Bringing back coast-to-coast passenger rail
It’s been more than 40 years since someone was able to hop a passenger train from one side of Michigan to the other, but the wheels are in motion to once again fill train platforms with those traveling from one coast to the other via intercity train transit.
Michigan By Rail launched a study in March to examine the demand and feasibility of redeveloping passenger rail service between Holland, Grand Rapids, Lansing and Detroit.
Michigan By Rail is being led by the Michigan Environmental Council in partnership with the Ann Arbor Area Transportation Authority and Michigan Department of Transportation.
The consulting firm Transportation Economics & Management Systems Inc. has been hired to complete the technical analysis.
The study will analyze travel patterns, demographic trends, cost estimates and existing conditions of rail infrastructure.
The $100,000 study received financial support in the form of an $80,000 federal grant and $20,000 provided by local community organizations within the Holland-to-Detroit corridor.
A final report is expected in December, which will help Michigan By Rail determine if there is enough support to move forward.

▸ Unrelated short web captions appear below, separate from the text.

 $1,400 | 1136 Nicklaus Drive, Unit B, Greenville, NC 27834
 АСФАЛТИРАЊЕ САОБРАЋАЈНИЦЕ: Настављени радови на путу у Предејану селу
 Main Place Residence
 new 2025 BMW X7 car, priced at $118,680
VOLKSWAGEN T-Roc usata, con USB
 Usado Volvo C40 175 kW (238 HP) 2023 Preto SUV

The biggest factors in making that determination will be how much the project would cost and if there is enough ridership to support it.
As part of the process, Michigan By Rail is conducting 16 public engagement meetings throughout the state this summer to gather input from local communities.

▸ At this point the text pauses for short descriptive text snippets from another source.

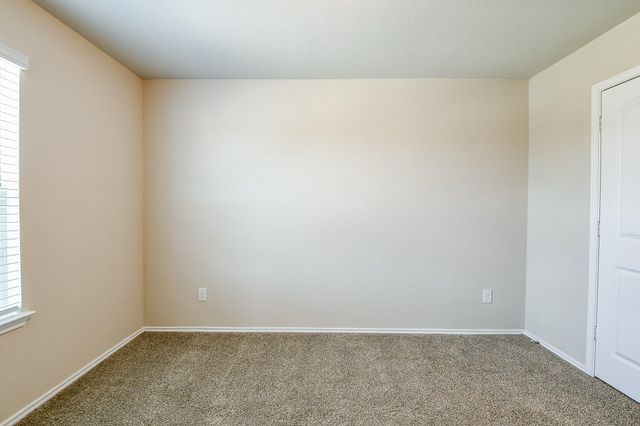 16744 Lonely Pines Drive, Conroe, TX 77302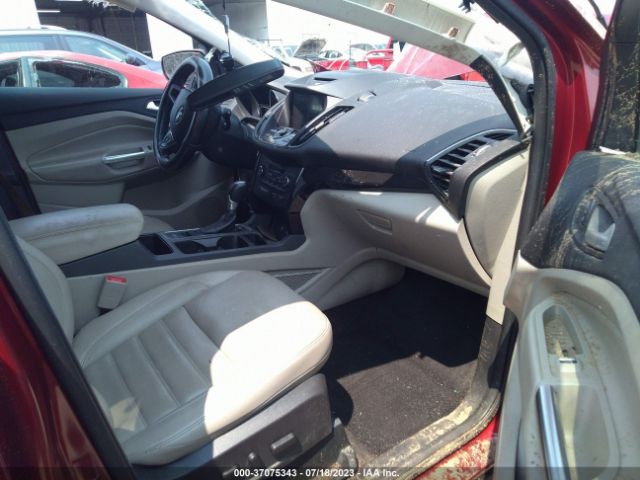 1FMCU0JD5HUD86448 Ford Escape Titanium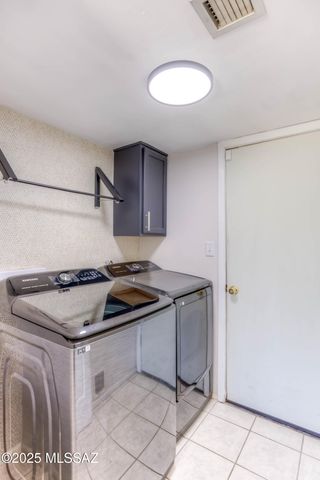 141 S Charleston Avenue, Vail, AZ 85641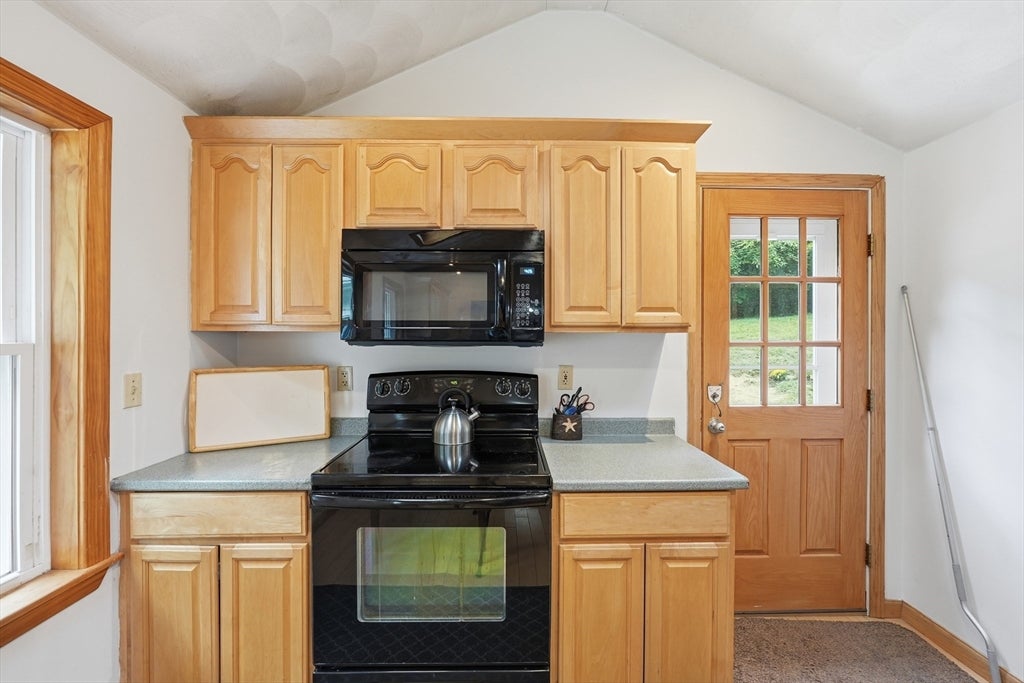 587 Main St, Boylston, MA Photo #5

Elizabeth Treutel, policy associate with the Michigan Environmental Council, said the public outreach process has a twofold mission: one, to inform the public about the study being conducted, and two, to find out what people desire in rail service within the corridor.
“The first part is the sharing of information,” Treutel said. “We want to make sure people understand what the study is, what it’s meant to do, the timeline and other details.
“The second piece is public engagement. Getting a lot of input and feedback is a big component of this study. We are going to be asking people where they travel, what they would like the service to look like, ideas and concerns they might have, and any other information they are willing to share with us.”
She said the reason the corridor is being re-examined for passenger rail service after 40 years has a lot to do with increased train ridership and an interest in alternative transportation options.
“We’ve really seen an increase in the ridership on our existing Amtrak services,” she said. “For example, from 2002 to 2013, we’ve actually seen about a 78 percent increase in ridership on those services.
“There is service connecting Grand Rapids and Chicago, Port Huron and Chicago, and Detroit and Chicago, and that number has been staying strong since 2013. That is a trend that has made us consider looking at additional passenger rail service in Michigan.
“The other component is, in 2010, the Michigan Environmental Council worked with the Michigan Association of Railroad Passengers and MDOT to conduct several public forums around Michigan to find out what people wanted to see in their passenger rail system. This was a key theme that came out, and it was included as a recommendation in MDOT’s state rail plan to do some additional studies on this corridor.”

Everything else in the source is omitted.